Eppure, non era un’Italia depressa, spaventata come l’attuale e quasi inebetita dalla quantità di sfide che si trova ad affrontare. Forse la salvava la sua natura contadina, abituata ad avere a che fare con i ritmi della vita e della morte, e un sentimento religioso diffuso che forniva potenti anticorpi alla rassegnazione. Peggio di noi oggi, era ancora alle prese con una micidiale pandemia, la Spagnola, che provocava paurosi vuoti nelle famiglie che già stavano piangendo la perdita o la lontananza dei più giovani, caduti sul Carso o comunque appena usciti dal fango delle trincee.

Ma era, appunto, un’Italia saldamente radicata su valori condivisi e interiorizzati: l’unità, l’indipendenza, la famiglia, la consapevole subordinazione a un bene comune per il quale il dovere (quello che il singolo deve alla comunità) non era ancora stato oscurato dal mantra dei diritti – inclusi i più incredibili – che riducono lo Stato a un fornitore di servizi, dovuti in quanto “pagati” con le tasse. Quei valori hanno retto fino a pochi decenni fa, anche a beneficio della nostra democrazia grazie alla leva obbligatoria che abituava i nostri giovani a sentirsi in debito col Paese, anche se molti riuscivano a “sfangarsela” con qualche scusa o con l’aiuto di un amico potente che li faceva aggregare al Distretto militare più vicino a casa.
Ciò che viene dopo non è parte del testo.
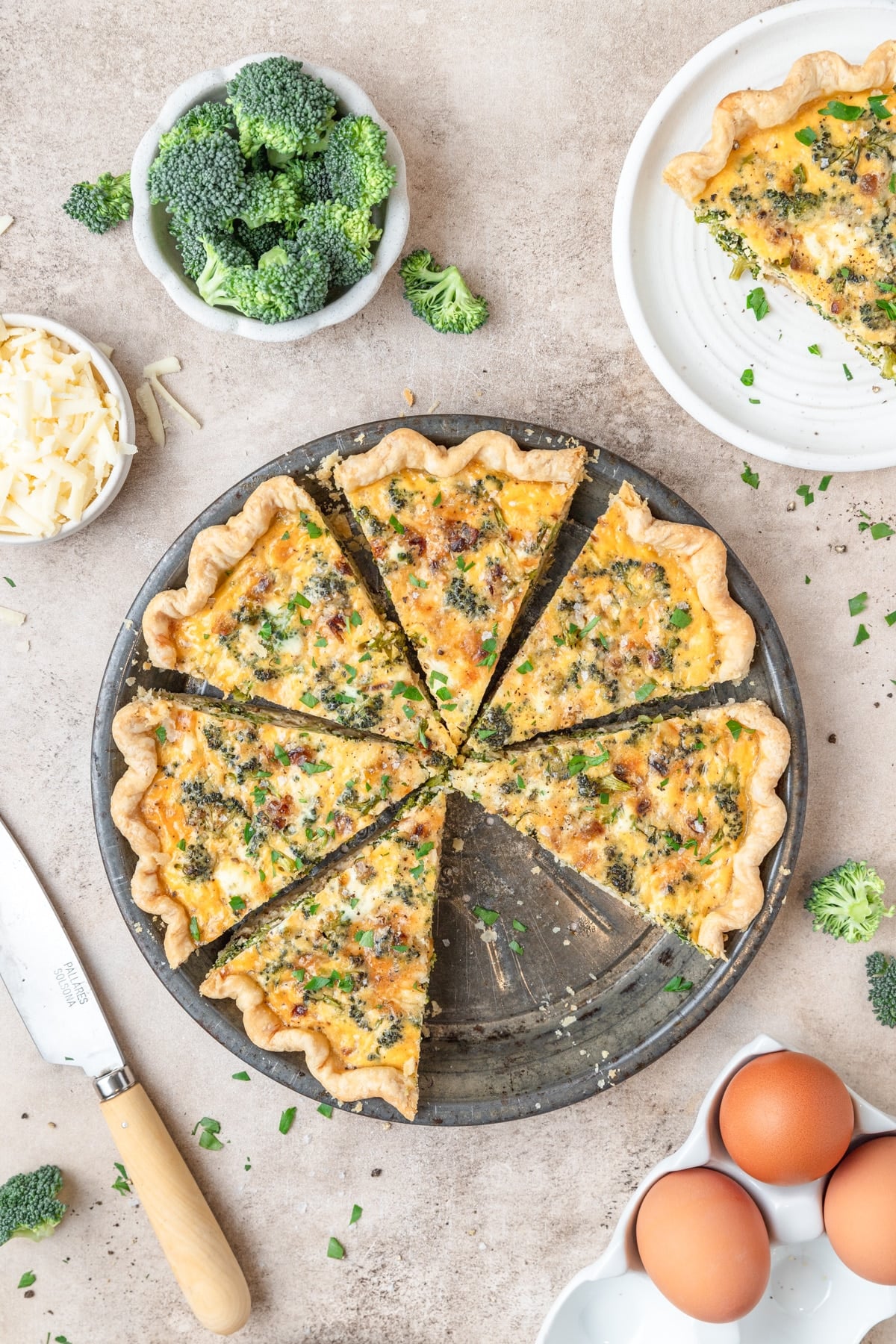 broccoli white cheddar quiche with homemade pie crust.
Erano, insomma, sentimenti condivisi che non venivano intaccati dalle diverse appartenenze politiche se non superficialmente e per i quali non sarebbe stato concepibile che, ad esempio, un Paese confinante allargasse unilateralmente i propri confini alla vetta del nostro Monte Bianco senza che da destra e da sinistra si elevasse un unico e potente appello alla reazione; o che nostri pescatori venissero sequestrati e trattenuti in uno Stato straniero a poche bracciate dalle nostre coste senza una reazione forte e corale, priva di balbettii e indecisioni; o che un sedicente alleato impedisse all’Eni di effettuare le sue trivellazioni nel Mediterraneo, e magari concentrasse a poche centinaia di miglia da casa nostra migliaia di jihadisti, lasciandoci a malapena e di malavoglia uno strapuntino in un’importante e tradizionale interlocutore come la Libia.

Ora, il ritorno delle paure del Covid galoppante, che speravamo superate, e della crisi economica, politica e militare che ci tocca da molto vicino ci coglie invece stanchi e sfiduciati, costringendoci a una difficile ricerca delle risorse, prima di tutto morali, per far fronte a un futuro problematico. Manca, infatti, l’entusiasmo e l’energia di troppi giovani incoraggiati a cercarsi fortuna all’estero, per la malizia di chi ci vorrebbe semplici cittadini del mondo e non figli della nostra terra alla quale dobbiamo dedicare, prima di tutto, le migliori energie. La scorciatoia del ricorso all’immigrazione per sopperire a questo drenaggio di forze, oltre a non essere rispettosa della nostra realtà e dei sentimenti generalizzati del nostro popolo, non è infatti una strada percorribile. A meno di accettare eventi drammatici come ad esempio la recente strage di Nizza, a opera di un clandestino sbarcato proprio sulle nostre coste poco tempo fa, in nome di un’accoglienza che sembra soltanto una resa. O un suicidio collettivo.

Forse è nella consapevolezza di questa realtà che da tempo si fanno insistenti gli appelli a riscoprire il 4 novembre, quale ricorrenza condivisa nella quale solennizzare la nostra appartenenza a un Paese unito e grande nonostante le difficoltà e con la quale celebrare le ragioni del nostro vivere insieme in quanto italiani, e non perché virtuosi o reprobi, destri o sinistri, cattolici o laicisti. Non sarà il ripristino di una festività soppressa per lasciare il passo ai riti sulfurei di Halloween a restituire le energie perdute a un Paese sfilacciato da rancori contro i quali non c’è nessuna Commissione contro l’odio che tenga, ma sarà comunque un’inversione di tendenza necessaria e da tanti attesa. A partire da quel Soldato senza nome sepolto al Vittoriano che con sgomento assiste all’indifferenza e alla litigiosità dei distratti nipotini di coloro che cent’anni fa lo accompagnarono alla tomba, in un fiume di lacrime e tra irrefrenabili fremiti di orgoglio.